_Task goal_: What is needed is an exact copy of the records, with the images left out.
=== Section Start ===
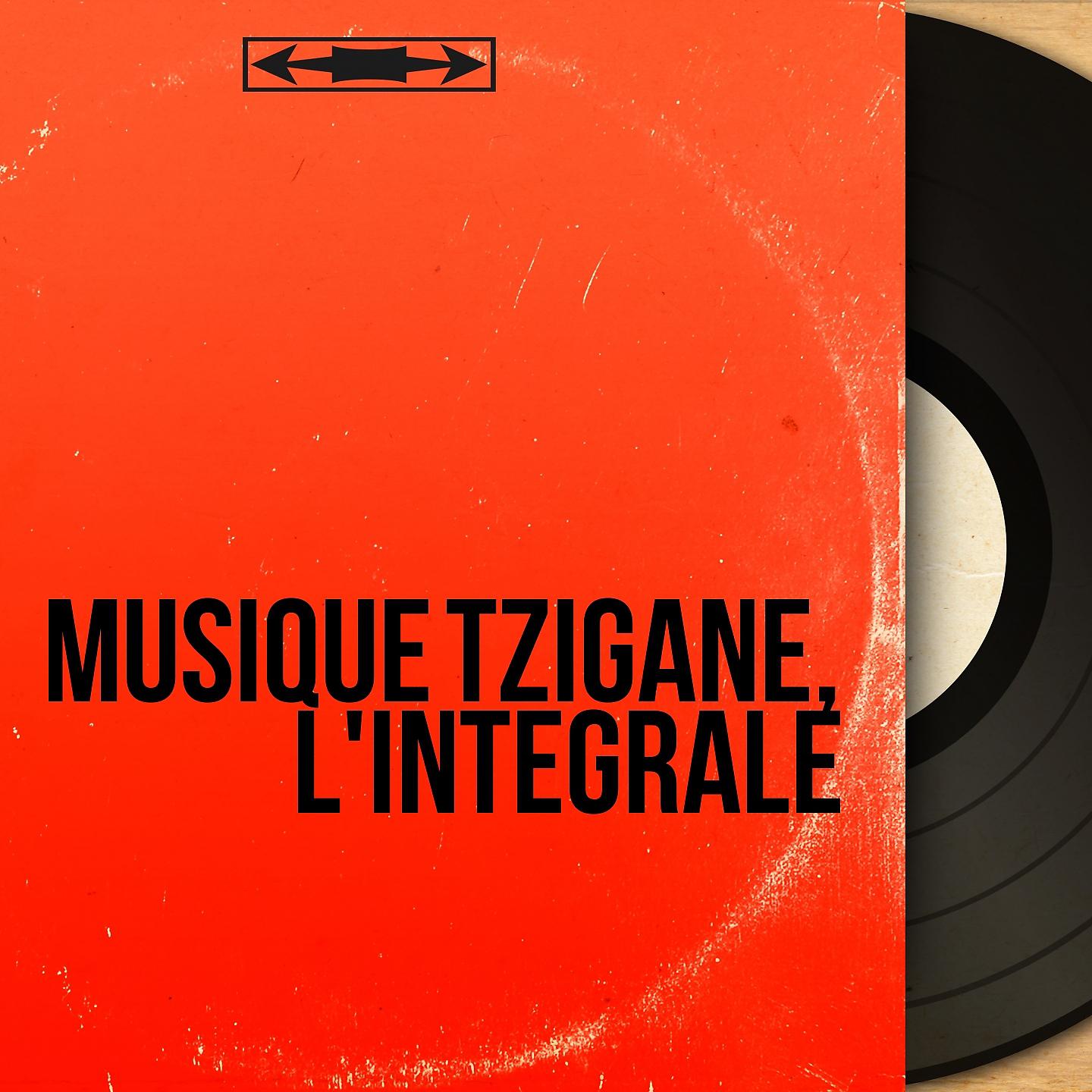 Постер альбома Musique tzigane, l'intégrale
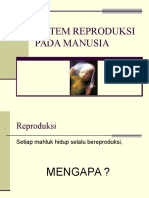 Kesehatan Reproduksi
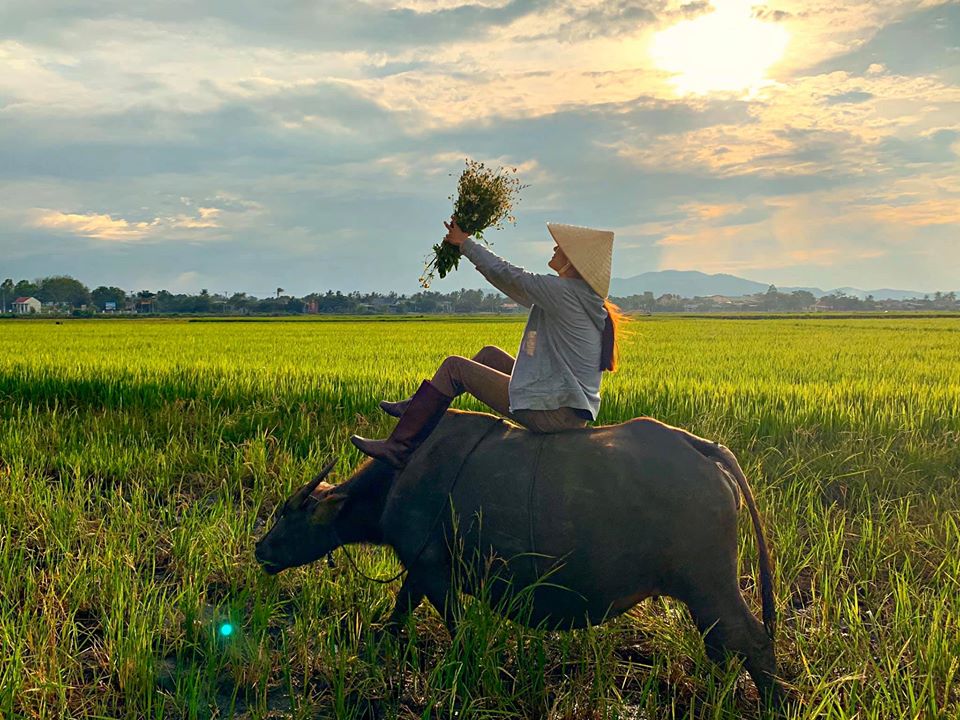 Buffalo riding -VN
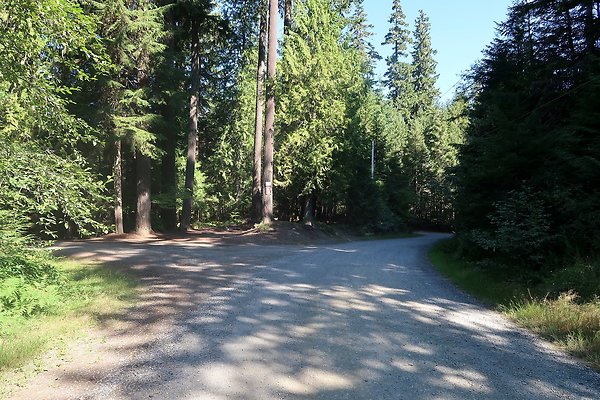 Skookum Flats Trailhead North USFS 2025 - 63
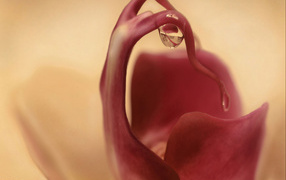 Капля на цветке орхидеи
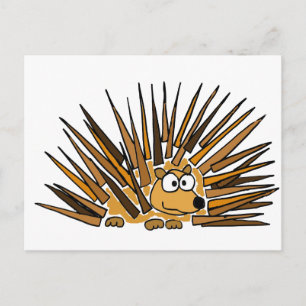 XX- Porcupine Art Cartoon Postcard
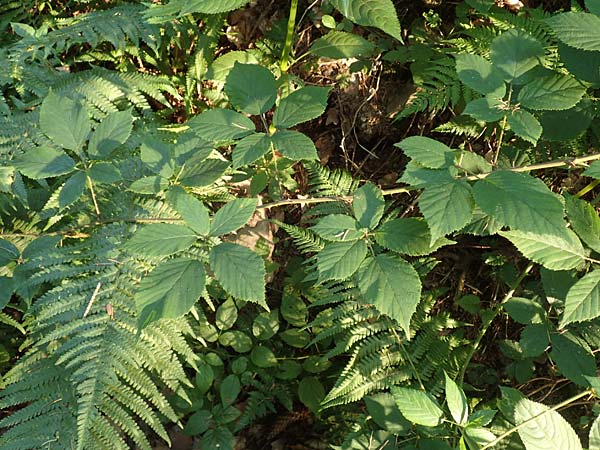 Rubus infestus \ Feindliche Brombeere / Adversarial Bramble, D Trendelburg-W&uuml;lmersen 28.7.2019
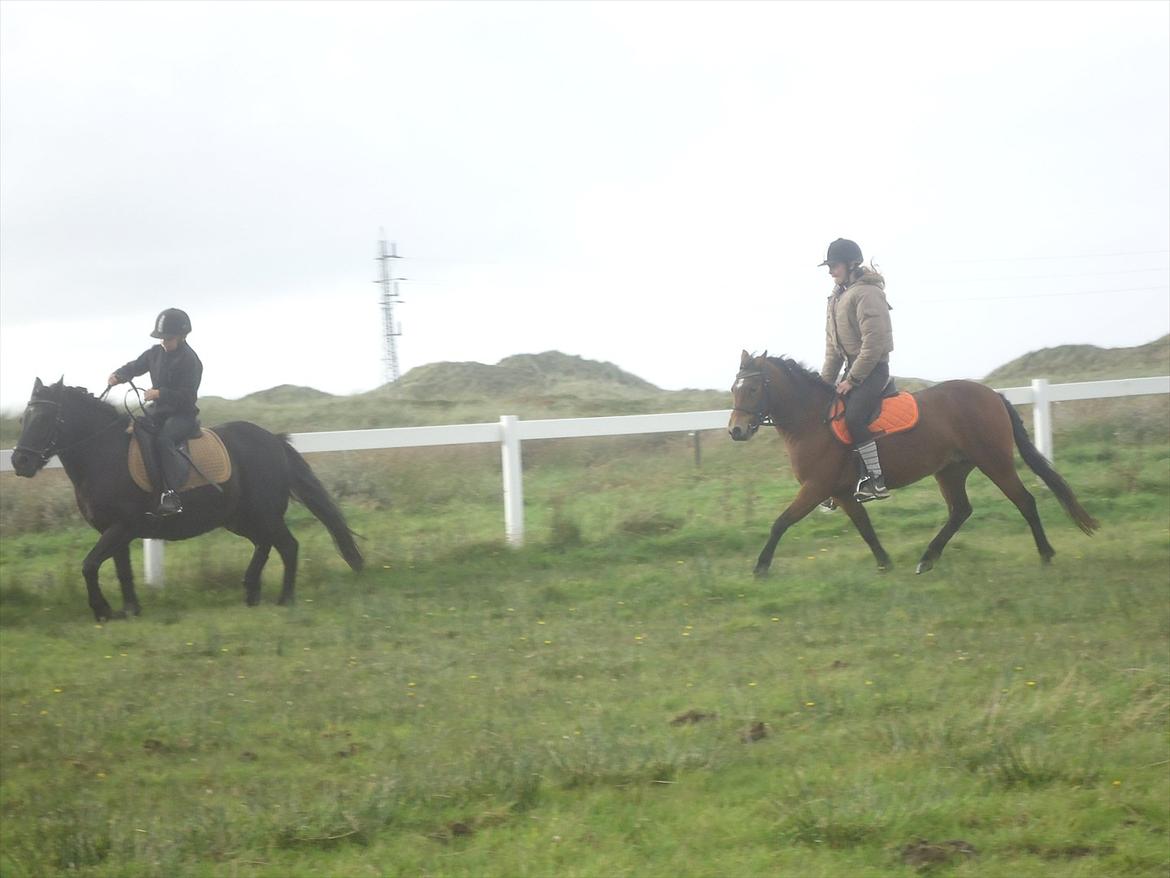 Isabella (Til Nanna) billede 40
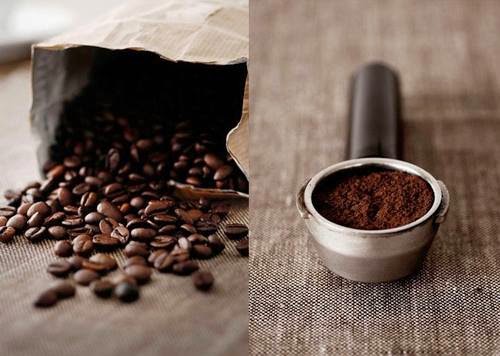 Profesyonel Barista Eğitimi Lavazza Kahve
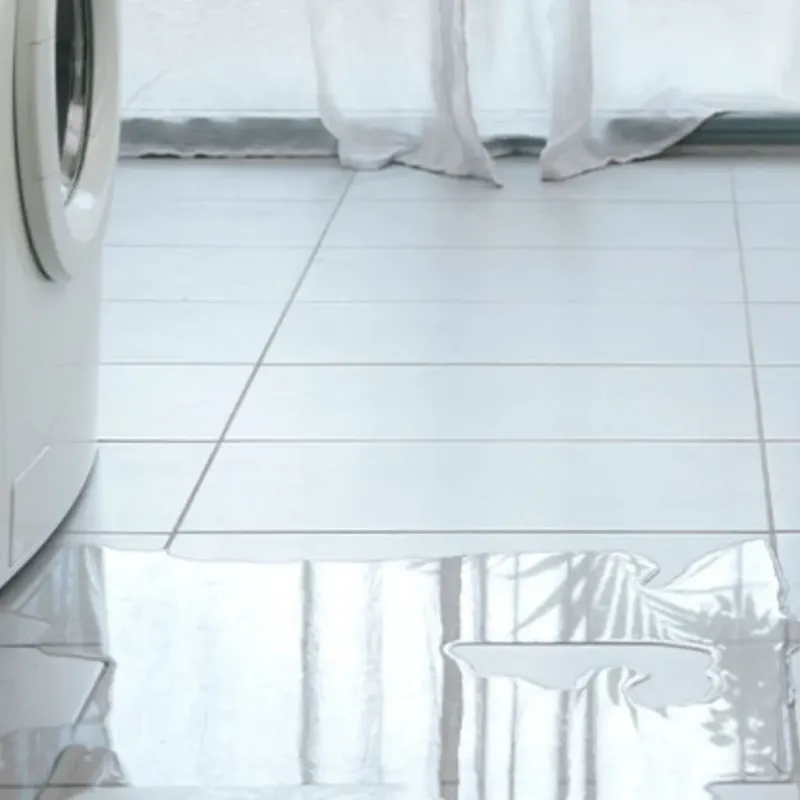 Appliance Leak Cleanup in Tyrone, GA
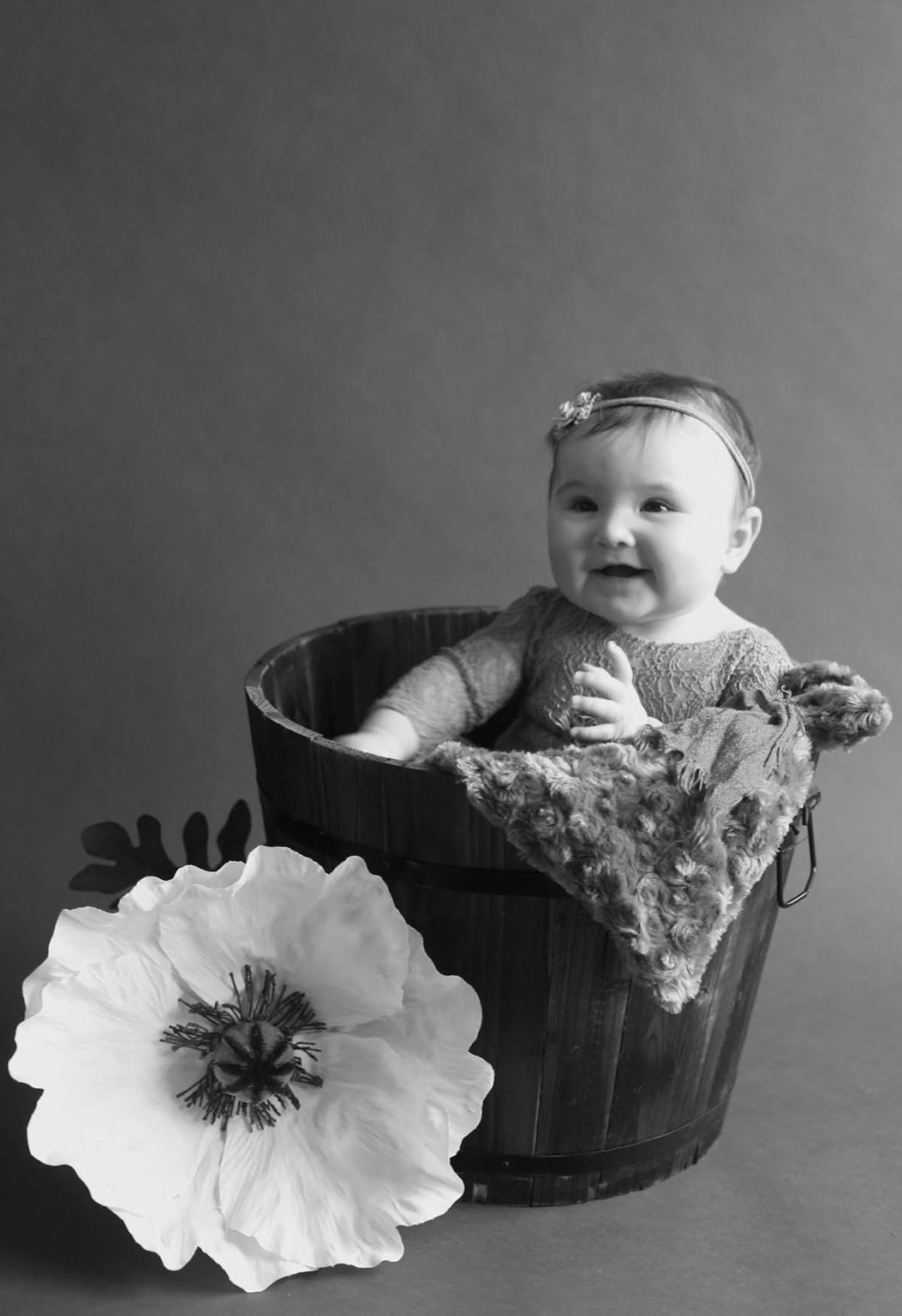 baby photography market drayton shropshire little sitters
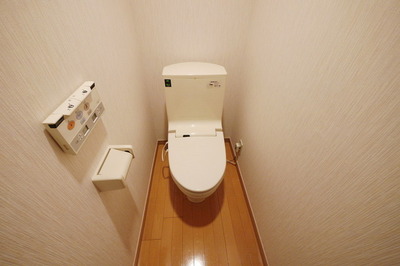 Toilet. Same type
=== Section End ===
_Response box_:
 Постер альбома Musique tzigane, l'intégrale
 Kesehatan Reproduksi
 Buffalo riding -VN
 Skookum Flats Trailhead North USFS 2025 - 63
 Капля на цветке орхидеи
 XX- Porcupine Art Cartoon Postcard
 Rubus infestus \ Feindliche Brombeere / Adversarial Bramble, D Trendelburg-W&uuml;lmersen 28.7.2019
 Isabella (Til Nanna) billede 40
 Profesyonel Barista Eğitimi Lavazza Kahve
 Appliance Leak Cleanup in Tyrone, GA
 baby photography market drayton shropshire little sitters
 Toilet. Same type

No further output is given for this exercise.